If GetTickCount >= (fps_last_time + 1000) Then
fps = fps_frame_counter
fps_frame_counter = 0
fps_last_time = GetTickCount
fps_frame_counter = fps_frame_counter + 1
like you say - maybe it will calm down when you start adding things like animation and other engine tasks...
Thanks again Dan.
Yeah, I guess the main thing everyone forgetting is that this is a very cut back version of the engine - which is why it's running so fast.
Don't get me wrong though, I think it still does pretty good when you think that each one of those character based models averages around 1100 verts... :)
Are you actually updating the screen every frame? Or are you just updating it when something changes? This could be the reason. I remeber when I did it that way once, it went really fast.
P.S. It's lookin' good!
Spot on EACam - just updating the view as I need to (along with a couple of other things of course).
Helps to keep a healthy frame rate when things aren't needed to be redrawn/refresh.

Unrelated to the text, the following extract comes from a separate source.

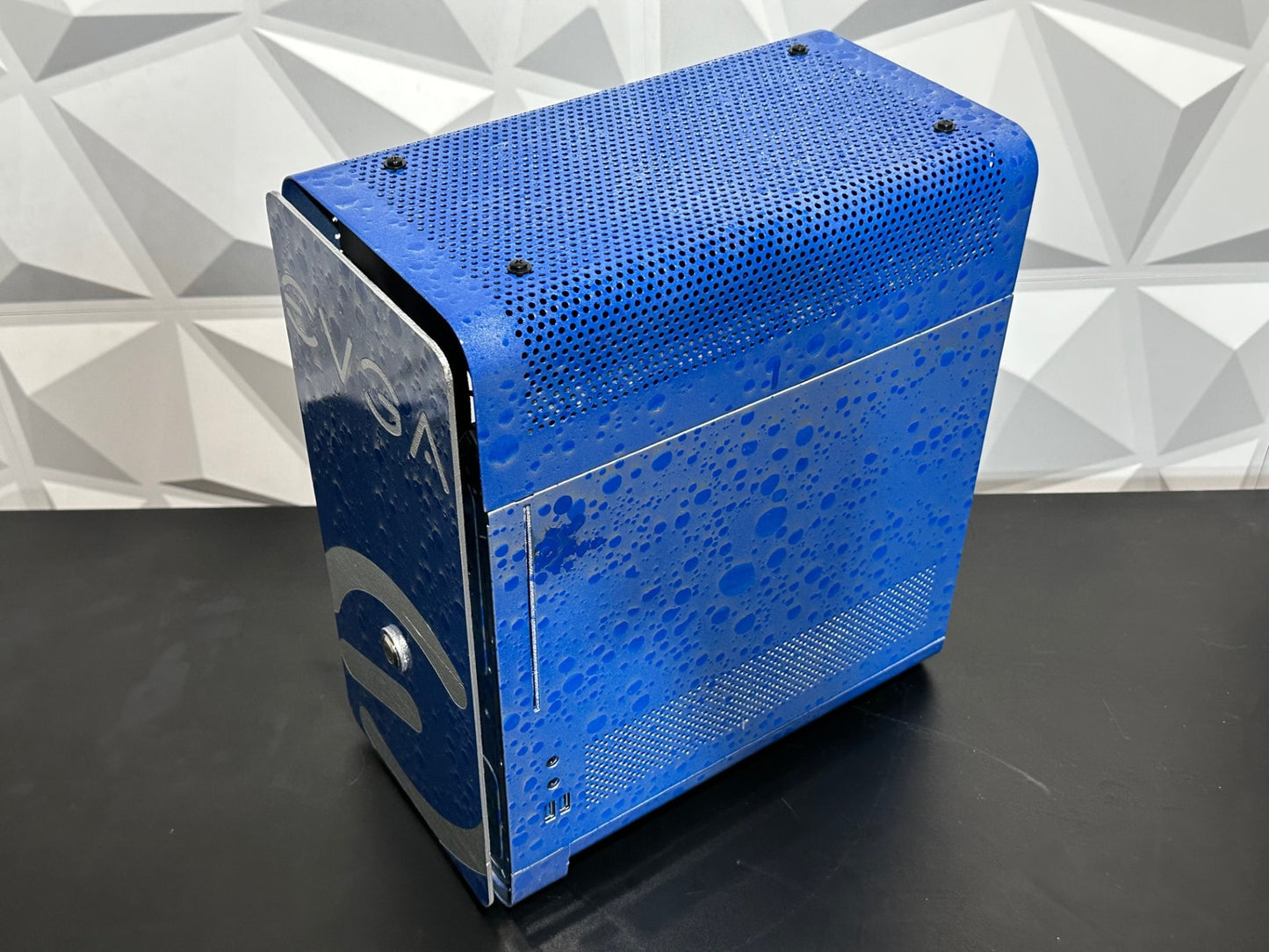Intel core i5 ARC A770 Project Wet Modified Gaming Computer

Well then, that theoretically wouldn't be the FPS, since the FPS is the Frames Per Second, right? :)
lol spodi!! sheesh, getting technical there :)
I guess, when you move the camera around it's updating pretty constantly then - that'd be the best guide for now I guess.
Ok, that explains it...
(but remember...your consumers/buyers/players will never know that, right? hehe)
Lol... But I think it's not right to show the FPS this way...
Yeah. Personally, I use the FPS to see how fast certain things run, like for my particle engine I want to create the best looking effect with the highest FPS, right? Same with the general game. Having 100k+ fps while standing still and 10fps while moving doesn't really give a good show if you're doing things right.
I guess, in my opinion, the FPS loses it's purpose in that way.
Still, if you're doing something that constantly needs the frame refreshed (i.e. rotating the camera) then it will give you an exact indication of the frame rate - which (on my pc anyway) remains rather high (drops a little but no where near 10 ;) ). At the moment the full engine runs at about 913 (hovers between 902 to 920) or so on my pc and about 1200 or so on my friends pc. But there is still a lot more to go into this yet.
I understand what you guys are saying, I always just thought it was really an indication of how many game loops per second (which would then take into account path finding, collision detection, AI and anything else you'd be checking in the main loop). Which would end up not being a true indication of the frames anyway.
I'm really sorry dude, but it doesn't work on my computer (of course, nothing VB I try does anyway :)
It starts, but when I press Build World and enter a name, it gives me errors (i don't remember what they were, but probly the same as what Eric got [first post]).